Goal of the exercise:
Print exactly the lines that run from the one containing "Check out the" to the final line of the data, both included, and print none of the pictures.

Information shown:
----
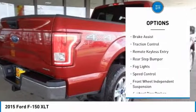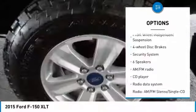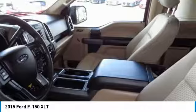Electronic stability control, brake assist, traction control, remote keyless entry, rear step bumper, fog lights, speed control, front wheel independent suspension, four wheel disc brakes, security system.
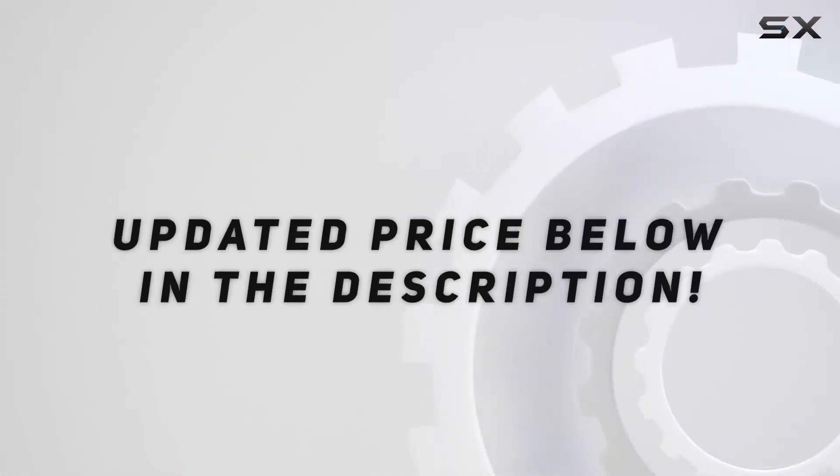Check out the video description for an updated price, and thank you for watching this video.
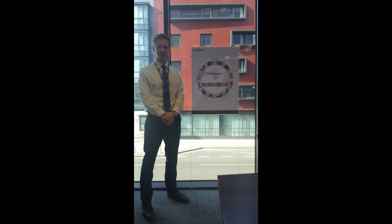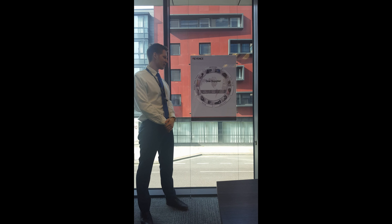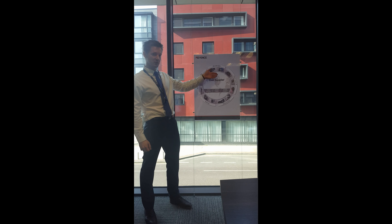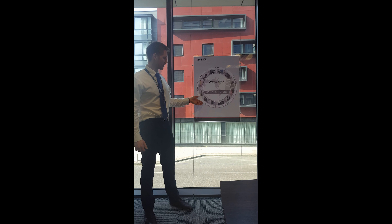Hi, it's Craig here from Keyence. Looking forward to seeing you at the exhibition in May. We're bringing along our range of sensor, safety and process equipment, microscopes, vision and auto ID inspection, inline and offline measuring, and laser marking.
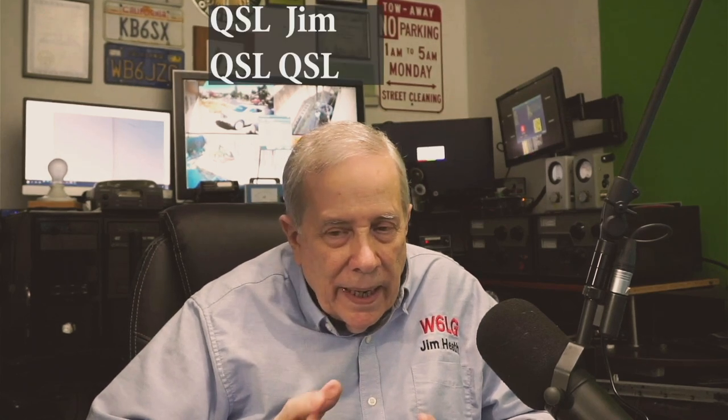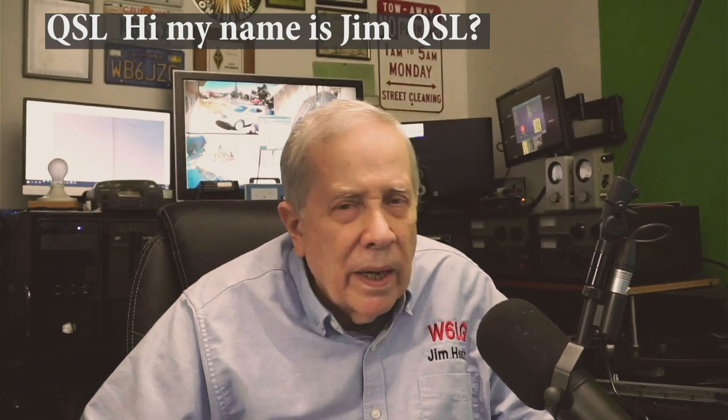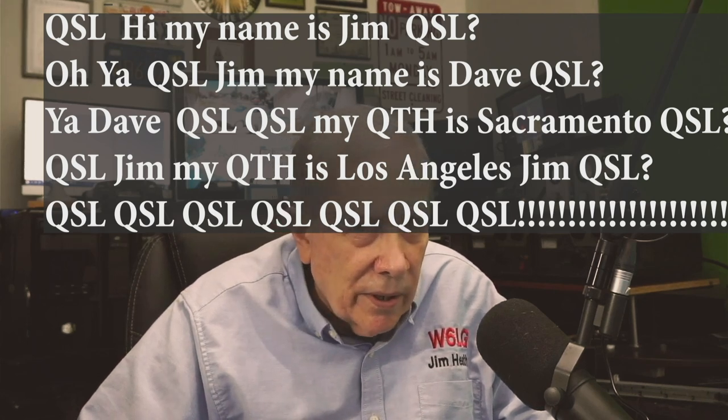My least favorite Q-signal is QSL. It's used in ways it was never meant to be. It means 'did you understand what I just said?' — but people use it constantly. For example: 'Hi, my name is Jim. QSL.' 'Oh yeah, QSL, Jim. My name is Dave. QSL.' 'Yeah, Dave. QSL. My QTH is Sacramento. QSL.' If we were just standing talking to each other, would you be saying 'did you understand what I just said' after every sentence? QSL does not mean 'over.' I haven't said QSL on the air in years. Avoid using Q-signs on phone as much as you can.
----
Exercise result:
Check out the video description for an updated price, and thank you for watching this video.
Hi, it's Craig here from Keyence. Looking forward to seeing you at the exhibition in May. We're bringing along our range of sensor, safety and process equipment, microscopes, vision and auto ID inspection, inline and offline measuring, and laser marking.
My least favorite Q-signal is QSL. It's used in ways it was never meant to be. It means 'did you understand what I just said?' — but people use it constantly. For example: 'Hi, my name is Jim. QSL.' 'Oh yeah, QSL, Jim. My name is Dave. QSL.' 'Yeah, Dave. QSL. My QTH is Sacramento. QSL.' If we were just standing talking to each other, would you be saying 'did you understand what I just said' after every sentence? QSL does not mean 'over.' I haven't said QSL on the air in years. Avoid using Q-signs on phone as much as you can.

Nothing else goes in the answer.